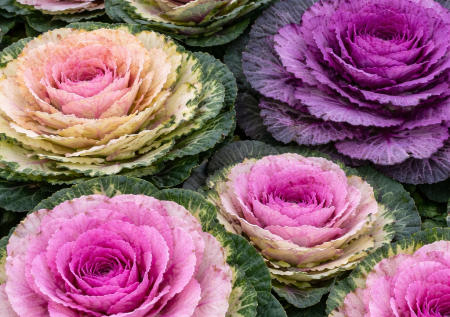 Садоводы в обмороке от красоты: декоративная капуста как живая роза. Украшает сад до заморозков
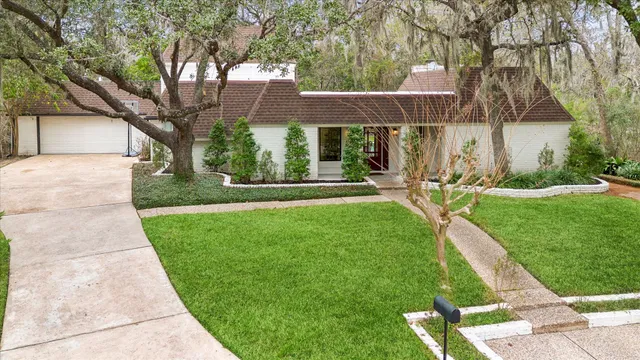 a view of a park with large trees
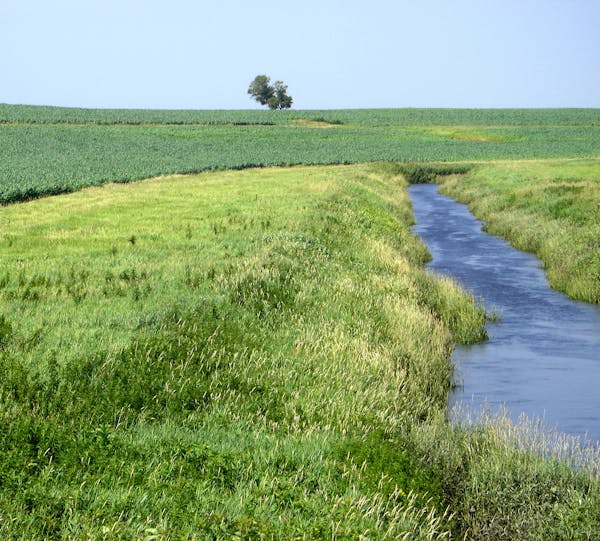 Gov. Mark Dayton's decision last week to exclude private ditches from buffer strip mapping was an obvious setback to his hard-fought 2015 water-qualit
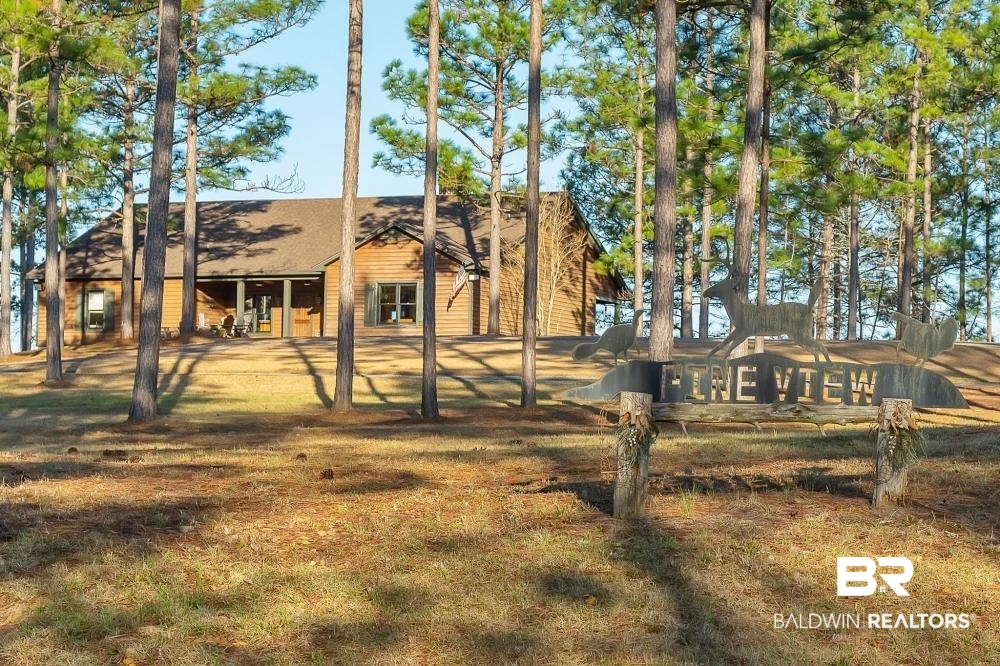 0 Private Road Millry, AL 36558 - Photo 2 of 50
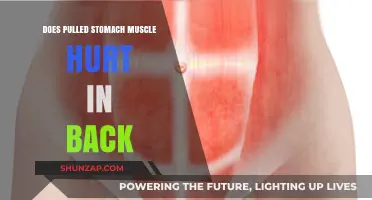 Pulled Stomach Muscle: Can It Cause Back Pain? Find Out Here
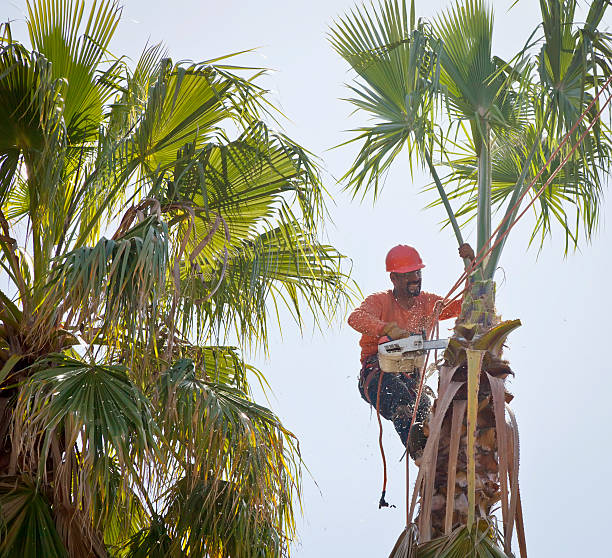 Best Best Tree Removal Services  in Park City, UT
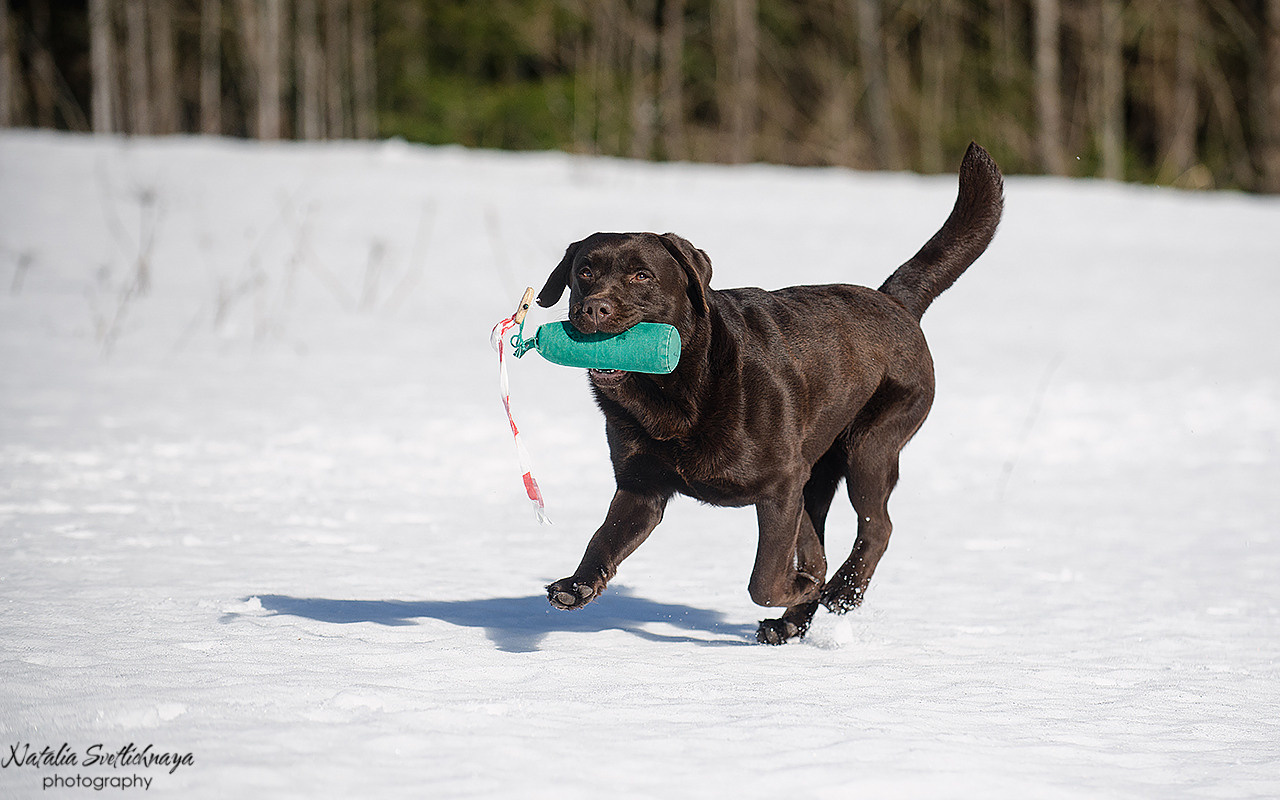 Тренировочный воркинг тест Школы Шмеля 18 марта 2023. Фотограф-анималист Наталья Светличная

# # # # #

## The problem
Leave out every picture, and copy exactly the lines from the line that contains "a view of a park with large trees" through the end of the material.

## Answer area
 a view of a park with large trees
 Gov. Mark Dayton's decision last week to exclude private ditches from buffer strip mapping was an obvious setback to his hard-fought 2015 water-qualit
 0 Private Road Millry, AL 36558 - Photo 2 of 50
 Pulled Stomach Muscle: Can It Cause Back Pain? Find Out Here
 Best Best Tree Removal Services  in Park City, UT
 Тренировочный воркинг тест Школы Шмеля 18 марта 2023. Фотограф-анималист Наталья Светличная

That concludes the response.